1. Conversion by default
A private company:
- restricts the right to transfer shares,
- limits the maximum number of members to 50 and
- prohibits invitation to the public for subscription of shares or debentures.
If any of these conditions are violated, a private company would become a public Company by default.
2. Conversion by operation of law
In the following cases, a private company becomes a public company by the operation of law:
- When not less than 25% of the paid up share capital of a private company is held by one or more public companies,
- When the average total turnover of the private company is not less than Rs.25 crores for three consecutive years,
- When the private company holds not less than 25% of the paid up share capital of a public company.
- When the private company invites, accepts or renews deposits from the public.
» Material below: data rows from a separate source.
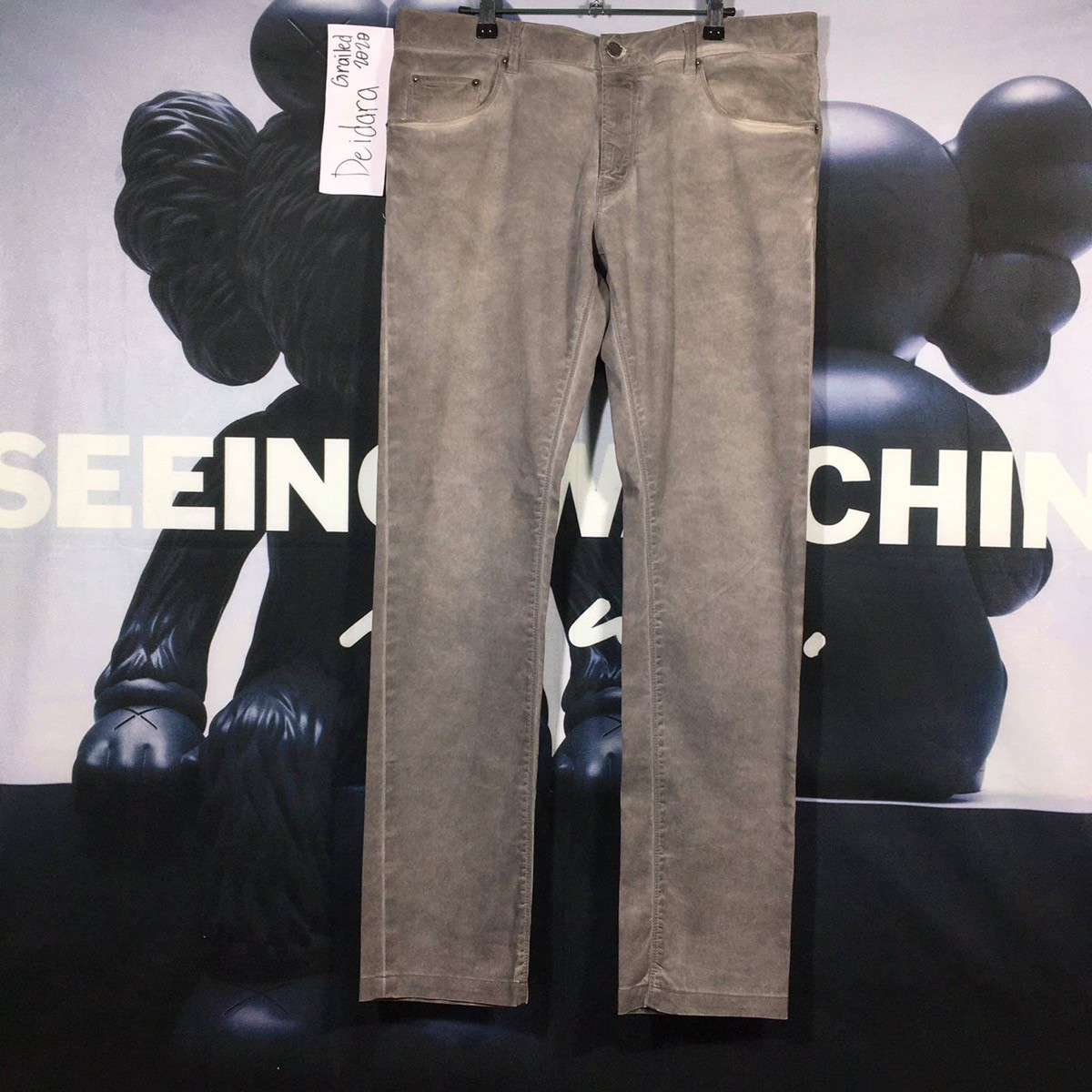 Garment Treated Tapered Fit Pants - 1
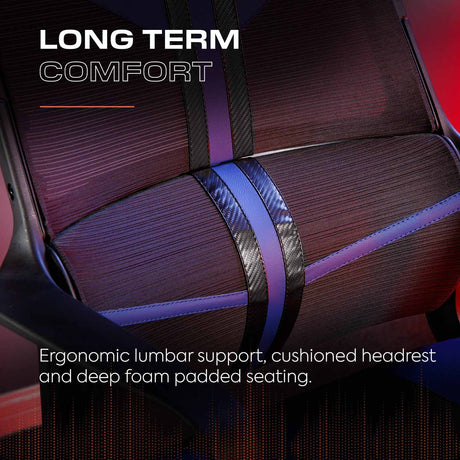 Helix Ergonomic PC Office Mesh Gaming Chair - Black / Blue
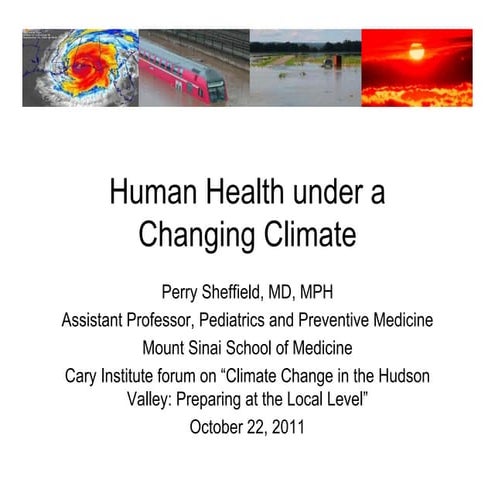 Climate Change and Human Health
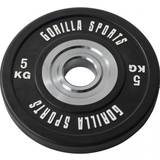 5 kg Vægtskiver Gorilla Sports Bumper Plate 5kg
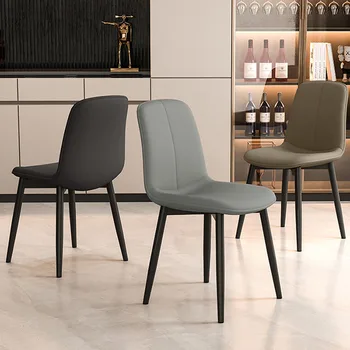 Евтини трапезни столове за всекидневна, столове за извършване на дейности в ресторанта, трапезни столове на черни метални крака, мебели за дома Sillas Para Comedor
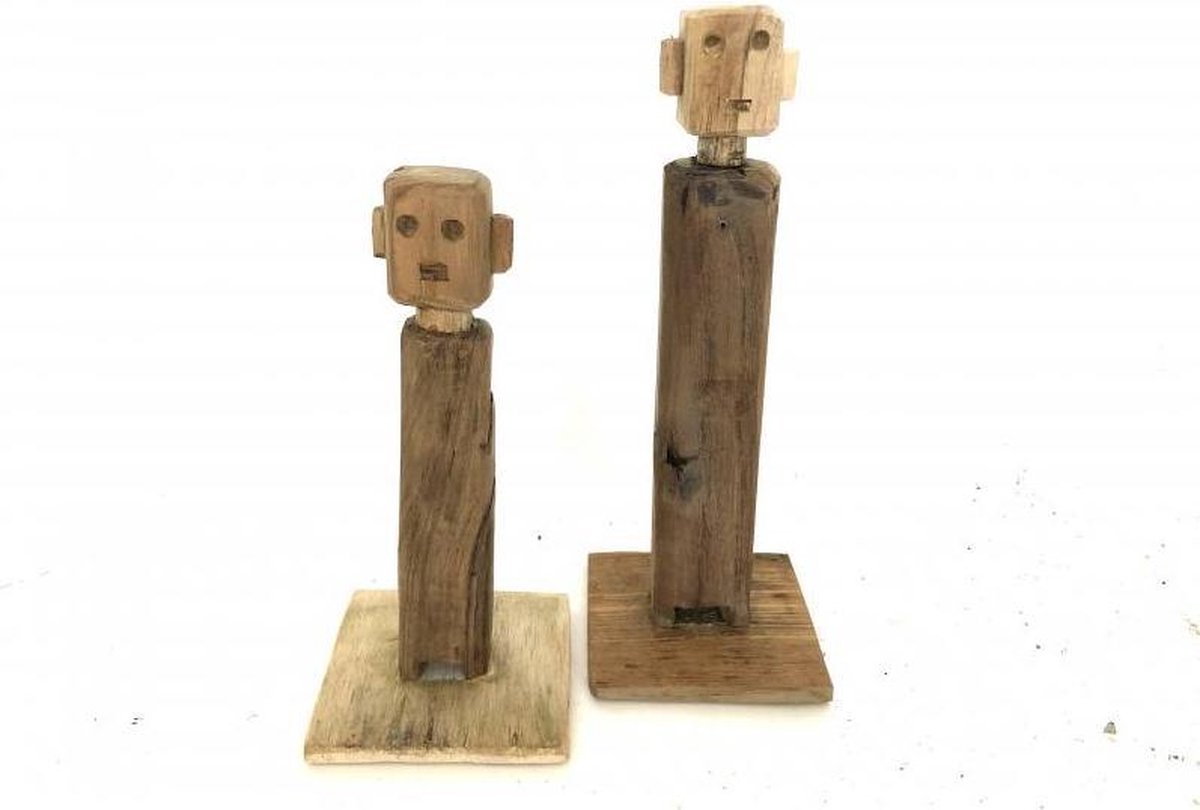 Houten poppetjes H31 - trendy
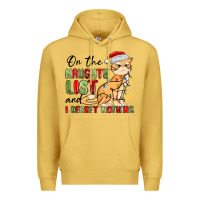 Antique Gold on the naughty list and i regret nothing Premium Hoodie - MaliasSmallBusiness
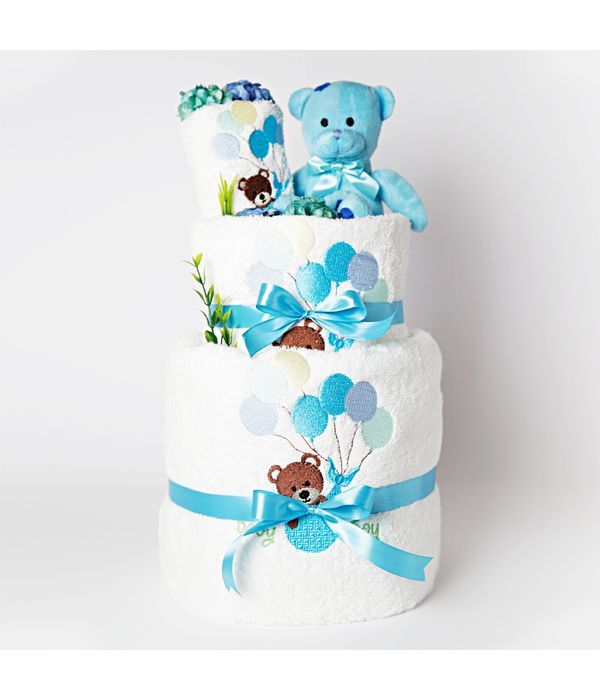 Linen Cakes - Diaper Cake Baby Boy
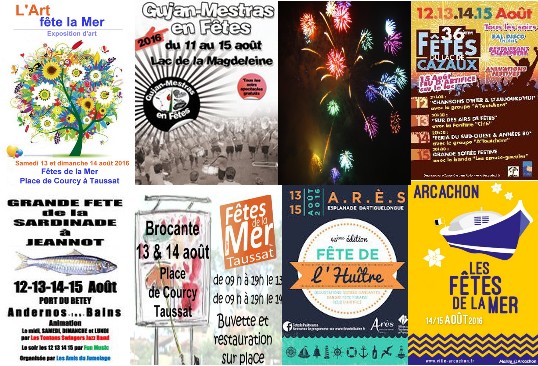 Feux d&rsquo;artifice, fêtes et sorties ce WE du 15 aout 2016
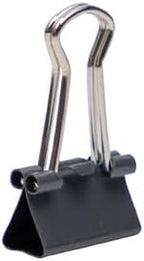 JAM PAPER Colorful Binder Clips - Extra Small - 3/5 Inch (15 mm) - Grey Binderclips - 30/Pack
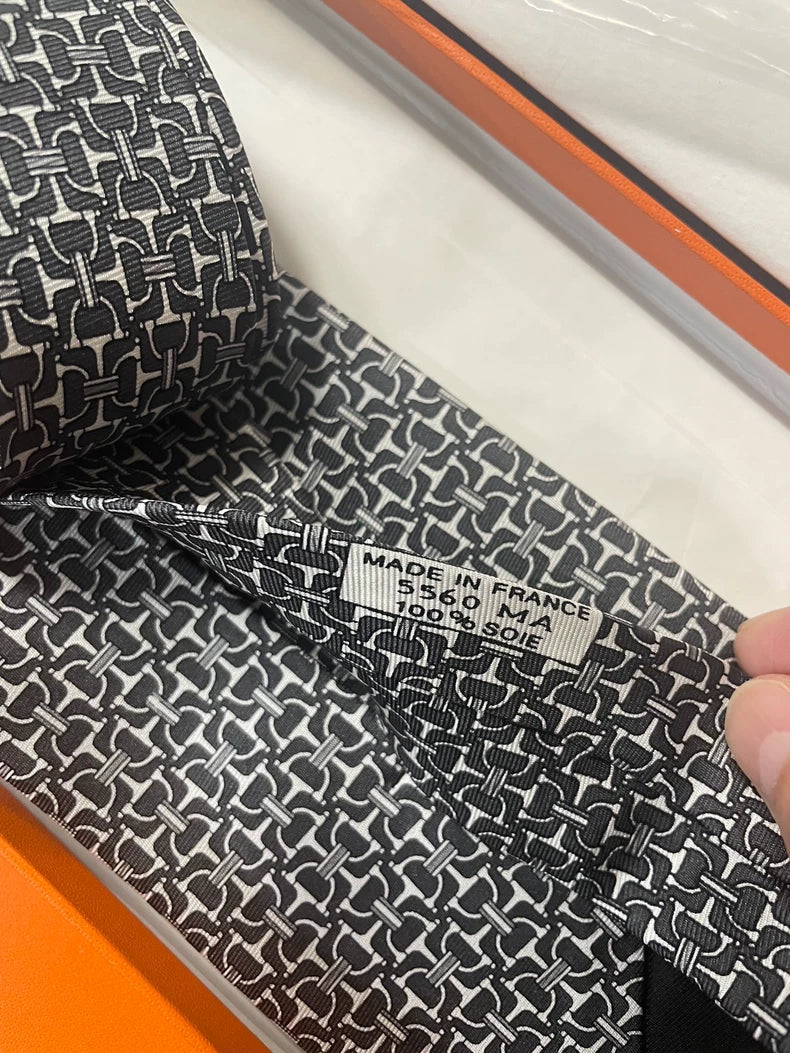 Hermes Silk Tie Classic Pattern
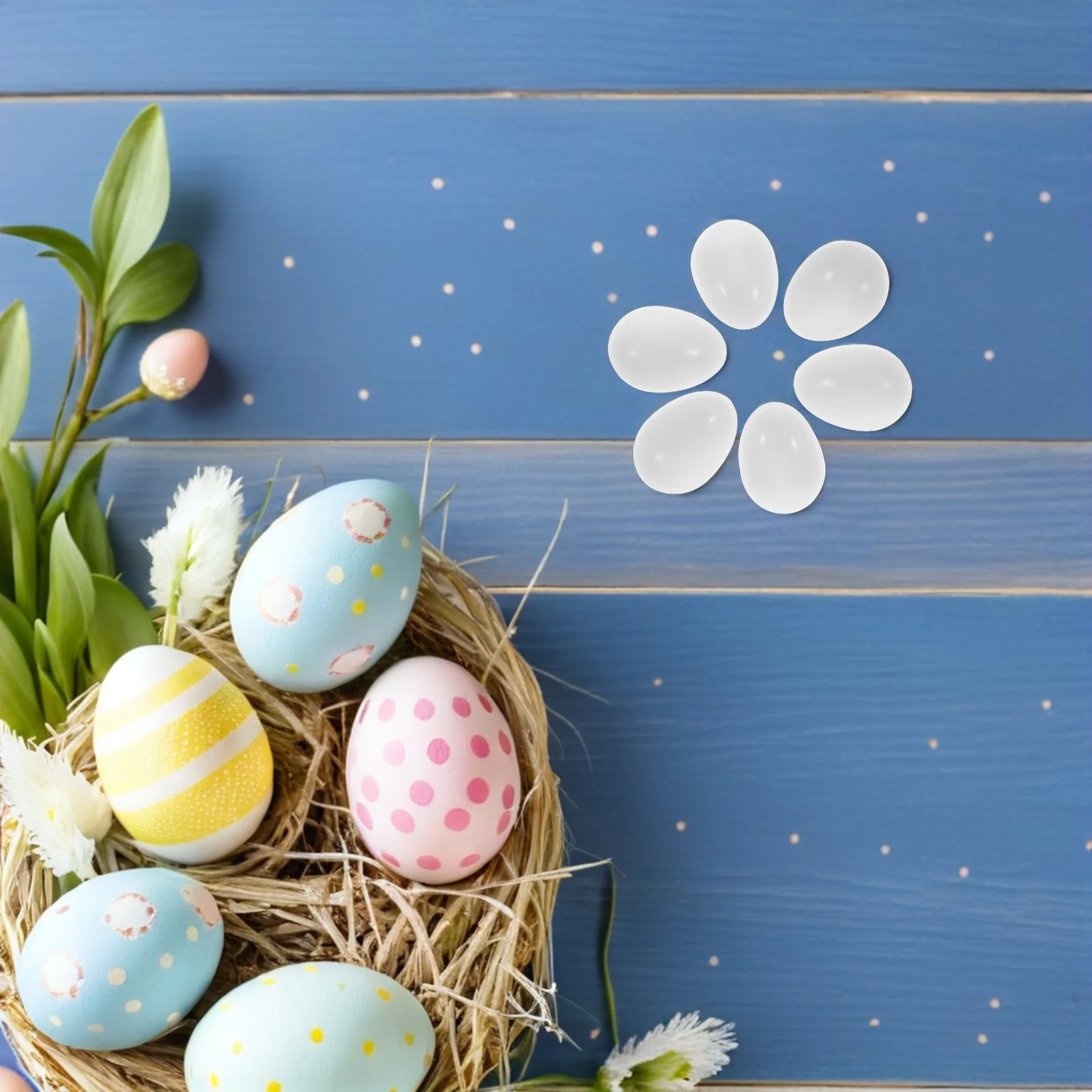 

25Pcs Parrot Fake Eggs Realistic Plastic Artificial Hatching Props White Simulated Nest Eggs Bird Accessories Fake Egg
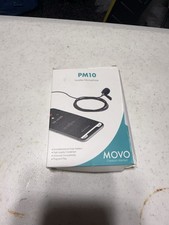 Movo PM10 Omnidirectional Lavalier Microphone for Smartphones TRRS, Black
The Companies Amendment Act, 2000 has given an option to these companies, either to continue as public limited companies or convert themselves into private limited companies by making the necessary changes in their Articles.
3. Conversion by Choice or Option
A private company out of its own free will can choose to convert itself into a public company. Generally, when private companies plan to expand and require more capital resources, they would convert themselves into public companies.
By becoming public companies they can issue shares or debentures to the public and get the required amount of capital. In India, many organizations which commenced operations as private companies have got themselves converted into public limited companies in order to expand and diversify.
Any private company which desires to get converted into a public company should make the necessary changes in the Articles and follow the below mentioned steps:
- It should convene a general meeting and pass a special resolution duly altering the Articles.
- The copy of the resolution along with the amended Articles should be filed with the Registrar within 30 days of passing the special resolution.
- The number of members should be increased to 7.
- The company has to apply to the Registrar for obtaining a fresh certificate of incorporation with the words ‘Private’ deleted from its name.